Currently, franchisors are required to include the following basic information on the Register:

  • Name, business or trading name and ABN of the franchisor.
  • Business email address and contact phone number of the franchisor.
  • Address(es) of the franchisor’s registered office and principal place of business in Australia.
  • The Australia and New Zealand Industry Standard Industrial Classification (ANZSIC) division and subdivision codes for the industry in which the business operated under the franchise operates.

Although the Code does not specify this, the government also requires franchisors to specify the financial year on which the franchisor operates.

What information can I disclose on a voluntary basis?
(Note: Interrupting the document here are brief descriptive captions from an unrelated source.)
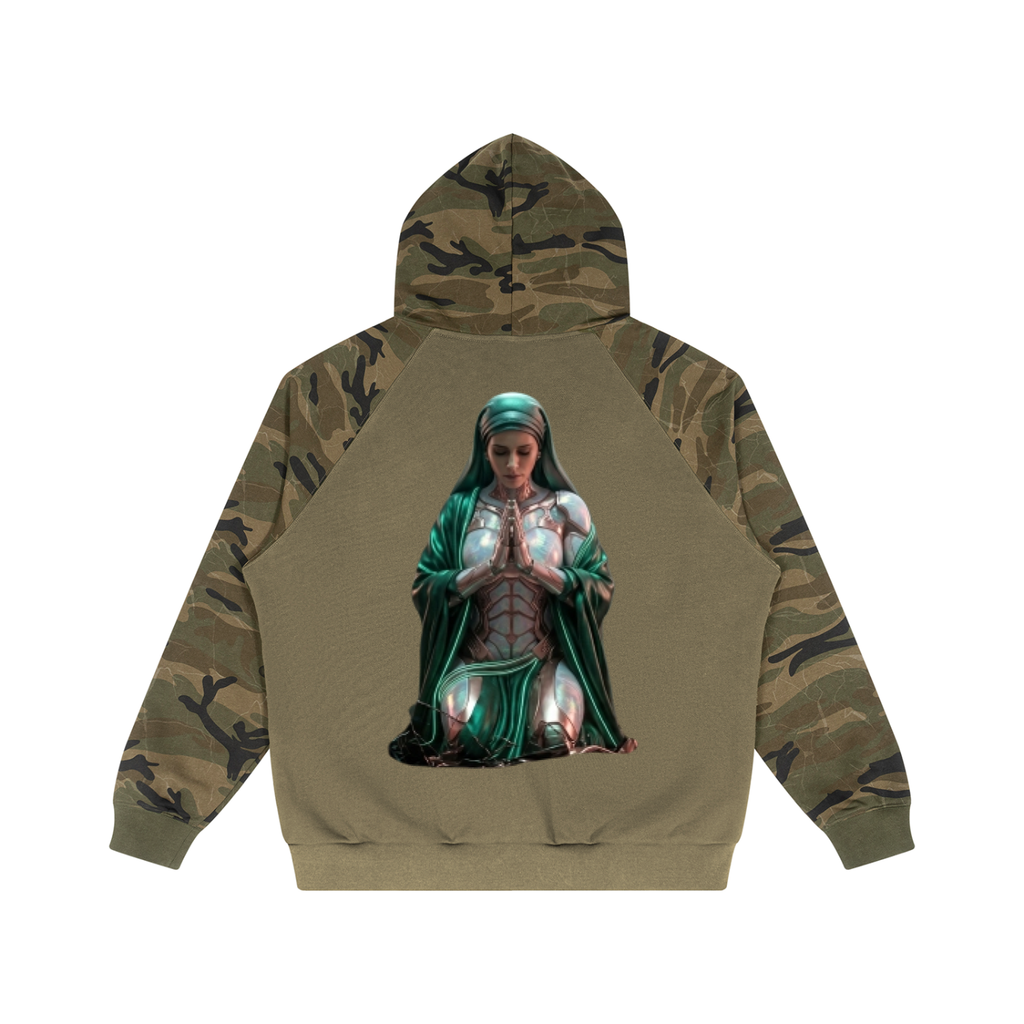 Unisex Camo-Splice Raglan Zip Hoodie|Mrs.MaryMack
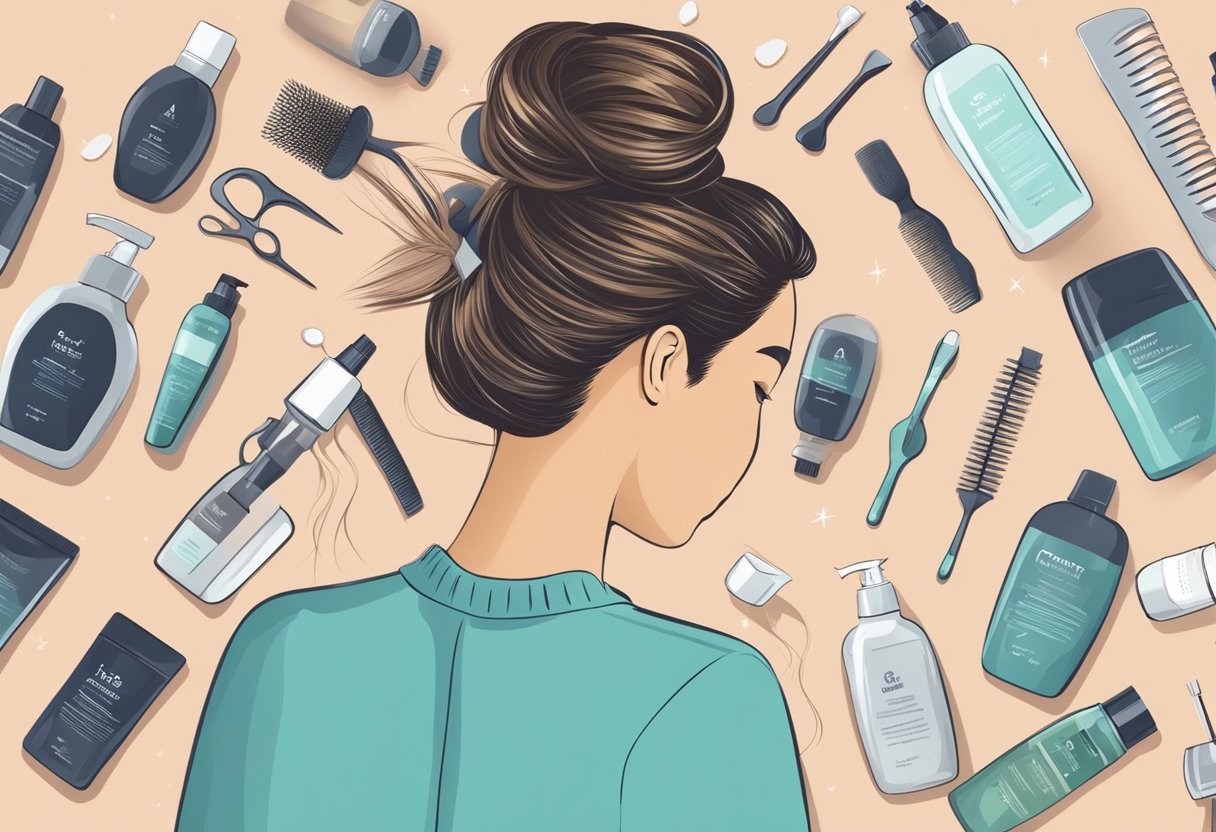 A person applying hair strengthening treatment to their scalp, surrounded by various hair care products and tools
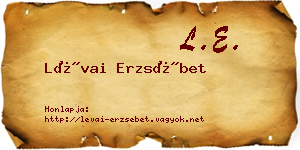 Lévai Erzsébet névjegykártya
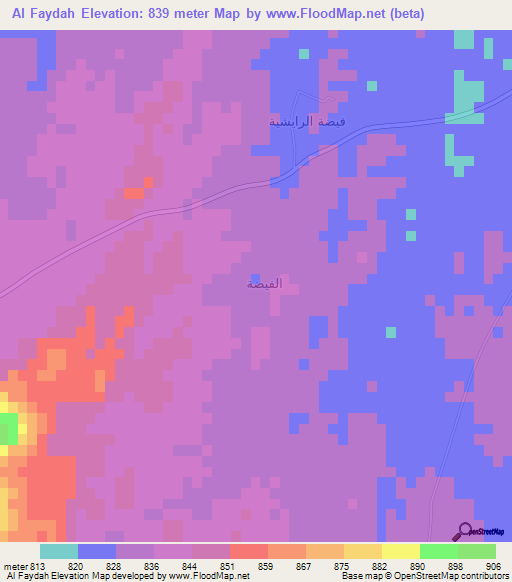 Al Faydah,Saudi Arabia Elevation Map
The Register portal includes questions relating to a range of additional information, which are currently voluntary to provide. These questions include:

  • How long has the franchisor operated the franchise or franchise system in Australia?
  • The number of franchisees in the system (including franchisor operated businesses).
  • Which states/territories the franchisor currently operates in.
  • Does the franchise system restrict franchisees choosing suppliers?
  • Information about payments and costs.
  • Does the franchisor’s standard form franchise agreement allow the franchisor to vary the agreement without franchisees’ consent?
  • What is the standard term of franchise agreements?
  • Are franchisees given the option to renew a franchise agreement?
  • Are franchisees entitled to compensation for goodwill in the business?
  • Are franchisees subject to a restraint of trade (or similar) clause?

These questions are currently voluntary because they have not been made mandatory under the Code. This is intended to be temporary: it is expected that, shortly after the Register becomes public on 15 November, the provision of this information will become mandatory. Regulatory changes have been made with effect from 11 November 2022 which allow the secretary of the Department of the Treasury to make this information mandatory. The government is encouraging franchisors voluntarily to provide the additional disclosure information now, but they can choose to wait and provide this information once it becomes mandatory to do so. Administrators will contact all registered franchisors when the requirement to provide additional disclosure information becomes mandatory.

It is also currently optional for franchisors to upload their standard form franchise agreement, disclosure document, and key facts sheet. Franchisors who choose to provide these documents must redact information relating to particular franchisees or personal information of individuals prior to publishing any documents (or any links to websites that publish documents) on the Register. Franchisors may also redact information that is of a commercial nature and is commercially sensitive. However, full and complete disclosure documents must still be provided directly to prospective franchisees in accordance with the Code.

How do I answer these questions?

Franchisors should closely check the information they present in the Register to ensure that it is not false, misleading or deceptive. Normally, the information provided to the Register should be consistent with the information set out in the disclosure document. However, because of the way the questions or prompts are phrased in the Register portal, it is not always possible directly to reproduce information set out in the disclosure document. Information may need to be rephrased, or given in a different form, to be both meaningful and accurate.

Updating the information

The information on the Register must be updated at least once for each financial year, on or before the 14th day of the fifth month following the end of the previous financial year.

For franchisors that are exempted from updating disclosure documents under the Code (ie where the franchisor entered into no or only one franchise agreement in the previous year and has no intention of entering into another franchise agreement in the next year), the franchisor must still maintain a presence on the Register, and update their Register profile each year. As long as the exemption stands, the franchisor is not required to publish updated disclosure information on the Register.

Actions you can take now

  • Check that you have complied with the obligations outlined above.